Assessment of a Spline-Based Spatio-Temporal Model for Use with Educational Datasets
thesisposted on 17.02.2017 by Shannon Milligan
In order to distinguish essays and pre-prints from academic theses, we have a separate category. These are often much longer text based documents than a paper.
In this thesis, we argued for an increase in the use of spatio-temporal analysis in educational research. Though educational research frequently addresses questions that lend well to spatial/spatio-temporal analyses, the use of such analyses is almost non-existent in this field. We argued that the dearth of usage is due to three challenges: complications of large datasets, complex statistical models, and model selection. To overcome these challenges, we provided a three-part toolkit for educational researchers. The first part of our toolkit was the introduction of a Bayesian linear spatio-temporal model, which addressed the second challenge through features such as the use of an ANOVA-based model. This first part of our toolkit also addressed the first challenge through use of Bayesian Ridge Regression and thin-plate splines, which accommodate spatio-temporal variables. The model also addressed this challenge through inclusion of marginal maximum likelihood estimation which, along with ridge regression, allowed for avoidance of the lengthy computational time often involved with Markov chain Monte Carlo sampling.
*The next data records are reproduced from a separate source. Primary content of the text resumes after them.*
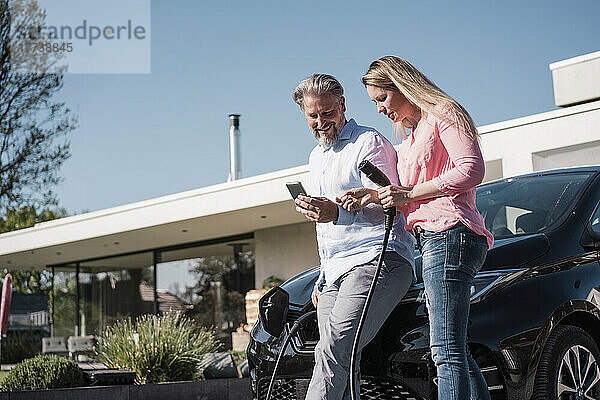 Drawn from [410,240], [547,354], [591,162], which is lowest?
[547,354]

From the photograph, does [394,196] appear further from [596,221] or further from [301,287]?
[596,221]

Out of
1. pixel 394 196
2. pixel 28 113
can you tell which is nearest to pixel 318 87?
pixel 394 196

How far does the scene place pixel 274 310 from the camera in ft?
14.1

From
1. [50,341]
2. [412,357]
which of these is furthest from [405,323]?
[50,341]

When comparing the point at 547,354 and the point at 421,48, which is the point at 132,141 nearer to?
the point at 421,48

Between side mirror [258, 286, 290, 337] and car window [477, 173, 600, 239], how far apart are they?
115cm

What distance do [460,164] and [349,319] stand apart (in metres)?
0.76

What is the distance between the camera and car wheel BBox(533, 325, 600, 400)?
143 inches

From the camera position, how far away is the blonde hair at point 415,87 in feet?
10.9

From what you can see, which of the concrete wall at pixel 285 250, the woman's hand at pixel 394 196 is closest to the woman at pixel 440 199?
the woman's hand at pixel 394 196

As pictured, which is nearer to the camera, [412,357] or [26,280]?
[412,357]

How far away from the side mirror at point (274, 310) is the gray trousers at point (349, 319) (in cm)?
81

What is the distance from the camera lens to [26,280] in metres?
35.9

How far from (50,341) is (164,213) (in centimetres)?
565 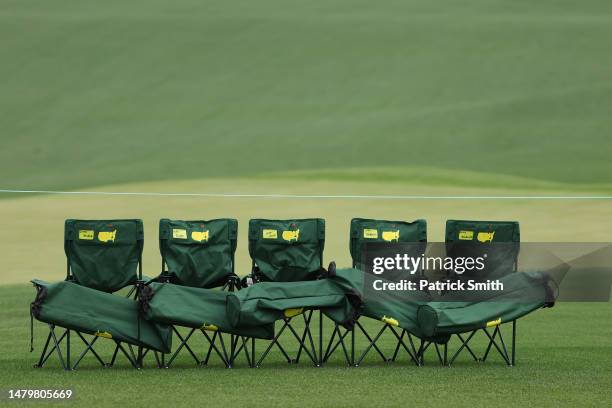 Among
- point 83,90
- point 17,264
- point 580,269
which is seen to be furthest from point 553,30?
point 580,269

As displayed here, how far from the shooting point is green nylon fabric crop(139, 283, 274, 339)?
6203 millimetres

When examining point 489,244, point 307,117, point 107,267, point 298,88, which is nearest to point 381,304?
point 489,244

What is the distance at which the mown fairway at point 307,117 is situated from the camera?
657 inches

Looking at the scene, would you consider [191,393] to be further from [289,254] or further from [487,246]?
[487,246]

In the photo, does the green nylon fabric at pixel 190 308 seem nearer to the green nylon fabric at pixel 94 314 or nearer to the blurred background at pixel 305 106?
the green nylon fabric at pixel 94 314

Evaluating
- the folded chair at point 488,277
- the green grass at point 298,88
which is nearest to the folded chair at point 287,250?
the folded chair at point 488,277

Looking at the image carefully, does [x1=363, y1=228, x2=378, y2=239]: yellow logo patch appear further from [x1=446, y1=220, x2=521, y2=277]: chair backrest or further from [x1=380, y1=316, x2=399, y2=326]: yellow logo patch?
[x1=380, y1=316, x2=399, y2=326]: yellow logo patch

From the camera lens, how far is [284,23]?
120 ft

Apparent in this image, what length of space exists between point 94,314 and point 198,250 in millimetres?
732

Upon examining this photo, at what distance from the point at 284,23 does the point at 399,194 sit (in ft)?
57.4

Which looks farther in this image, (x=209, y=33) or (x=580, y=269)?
(x=209, y=33)

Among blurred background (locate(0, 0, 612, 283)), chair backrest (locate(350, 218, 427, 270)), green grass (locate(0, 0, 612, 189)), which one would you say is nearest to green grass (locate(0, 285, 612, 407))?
chair backrest (locate(350, 218, 427, 270))

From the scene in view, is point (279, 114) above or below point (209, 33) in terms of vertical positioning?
below

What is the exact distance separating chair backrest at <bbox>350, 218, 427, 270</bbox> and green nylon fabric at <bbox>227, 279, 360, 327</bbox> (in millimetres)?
347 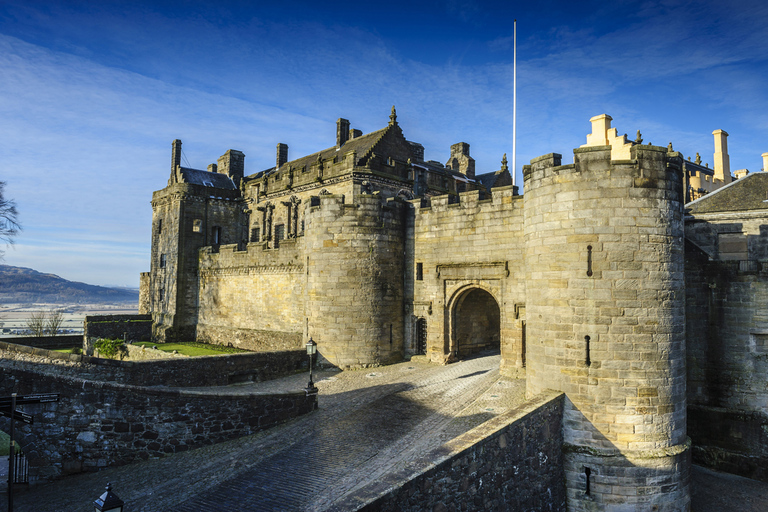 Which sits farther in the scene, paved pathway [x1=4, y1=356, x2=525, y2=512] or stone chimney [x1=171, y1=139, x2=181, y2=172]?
stone chimney [x1=171, y1=139, x2=181, y2=172]

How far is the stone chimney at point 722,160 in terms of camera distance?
34781mm

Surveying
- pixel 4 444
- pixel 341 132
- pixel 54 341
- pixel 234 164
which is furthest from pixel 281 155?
pixel 4 444

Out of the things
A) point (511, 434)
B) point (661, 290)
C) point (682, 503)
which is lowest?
point (682, 503)

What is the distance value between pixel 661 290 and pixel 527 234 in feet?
10.8

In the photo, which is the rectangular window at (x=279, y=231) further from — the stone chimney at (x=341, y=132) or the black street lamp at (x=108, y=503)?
the black street lamp at (x=108, y=503)

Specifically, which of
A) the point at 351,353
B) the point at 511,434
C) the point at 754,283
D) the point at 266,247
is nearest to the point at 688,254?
the point at 754,283

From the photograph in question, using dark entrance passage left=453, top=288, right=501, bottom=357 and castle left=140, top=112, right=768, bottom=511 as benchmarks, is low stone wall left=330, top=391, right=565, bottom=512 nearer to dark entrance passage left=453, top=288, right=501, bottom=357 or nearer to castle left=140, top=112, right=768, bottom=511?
castle left=140, top=112, right=768, bottom=511

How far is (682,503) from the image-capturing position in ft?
38.2

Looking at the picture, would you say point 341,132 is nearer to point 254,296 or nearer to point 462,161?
point 462,161

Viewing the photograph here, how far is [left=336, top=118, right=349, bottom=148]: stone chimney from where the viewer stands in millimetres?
31578

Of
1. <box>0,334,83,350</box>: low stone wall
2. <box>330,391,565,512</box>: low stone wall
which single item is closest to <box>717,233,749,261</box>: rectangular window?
<box>330,391,565,512</box>: low stone wall

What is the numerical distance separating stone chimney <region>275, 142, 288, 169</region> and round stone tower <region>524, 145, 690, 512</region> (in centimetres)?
2759

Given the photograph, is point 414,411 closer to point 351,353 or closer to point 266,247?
point 351,353

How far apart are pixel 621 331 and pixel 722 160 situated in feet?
102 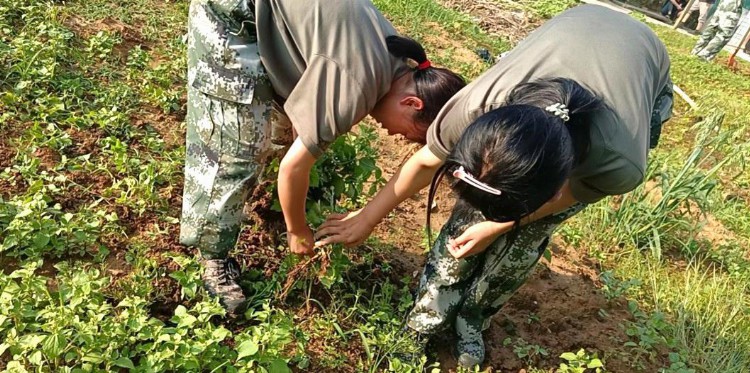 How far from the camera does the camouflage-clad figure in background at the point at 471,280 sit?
1963 mm

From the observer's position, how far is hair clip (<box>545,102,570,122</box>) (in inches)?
50.6

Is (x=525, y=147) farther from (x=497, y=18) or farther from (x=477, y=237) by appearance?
(x=497, y=18)

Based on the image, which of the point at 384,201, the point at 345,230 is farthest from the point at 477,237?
the point at 345,230

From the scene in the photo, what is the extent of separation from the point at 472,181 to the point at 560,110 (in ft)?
0.85

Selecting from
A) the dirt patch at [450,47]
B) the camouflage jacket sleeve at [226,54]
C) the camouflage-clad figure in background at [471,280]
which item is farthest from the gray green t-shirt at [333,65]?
the dirt patch at [450,47]

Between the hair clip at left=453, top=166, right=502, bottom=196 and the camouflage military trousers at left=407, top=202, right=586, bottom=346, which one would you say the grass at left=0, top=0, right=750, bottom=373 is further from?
the hair clip at left=453, top=166, right=502, bottom=196

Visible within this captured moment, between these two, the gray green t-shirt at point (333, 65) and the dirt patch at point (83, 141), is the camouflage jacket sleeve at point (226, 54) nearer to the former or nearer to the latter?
the gray green t-shirt at point (333, 65)


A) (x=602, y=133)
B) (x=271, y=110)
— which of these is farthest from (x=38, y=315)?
(x=602, y=133)

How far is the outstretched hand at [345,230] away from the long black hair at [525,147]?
0.51 m

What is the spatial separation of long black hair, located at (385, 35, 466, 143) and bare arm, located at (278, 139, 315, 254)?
36 cm

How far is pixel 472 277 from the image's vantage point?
212 centimetres

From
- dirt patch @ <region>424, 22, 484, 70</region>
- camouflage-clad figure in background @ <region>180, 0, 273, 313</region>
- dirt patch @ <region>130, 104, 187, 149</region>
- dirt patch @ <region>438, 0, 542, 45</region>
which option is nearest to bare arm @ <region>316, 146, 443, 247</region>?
camouflage-clad figure in background @ <region>180, 0, 273, 313</region>

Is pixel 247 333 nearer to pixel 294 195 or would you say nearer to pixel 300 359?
pixel 300 359

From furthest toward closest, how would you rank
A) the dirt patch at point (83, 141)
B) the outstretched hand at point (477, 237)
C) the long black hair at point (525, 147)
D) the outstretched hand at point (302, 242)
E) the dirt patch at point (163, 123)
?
1. the dirt patch at point (163, 123)
2. the dirt patch at point (83, 141)
3. the outstretched hand at point (302, 242)
4. the outstretched hand at point (477, 237)
5. the long black hair at point (525, 147)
The second part of our toolkit addressed the second challenge through demonstration of the ease of use of our model using the Bayesian Ridge Regression software, which utilizes a point-and-click interface similar to SPSS. To demonstrate the ease of use of our model, we analyzed two educational datasets, one relatively large (n = 18,506) and one smaller (n = 2,729). To further demonstrate the application of the model and interpretation of the results, we also included sample posterior output and a guide for how to run this particular model. The ease of interpreting the results also addressed the third challenge, in part through demonstration of the use of posterior credible intervals to determine significant predictors. Likewise, we also demonstrated the ease of determining the best combination of predictors to include in a model by using select model fit indices. The third part of our toolkit addressed the descriptive side of spatio-temporal analysis, which emphasizes further exploration of spatial/spatio-temporal relationships (e.g. through mapping). We emphasized this exploration in part to caution researchers against conflating correlation and causation, especially when sensitive variables (e.g. race and ethnicity) are included.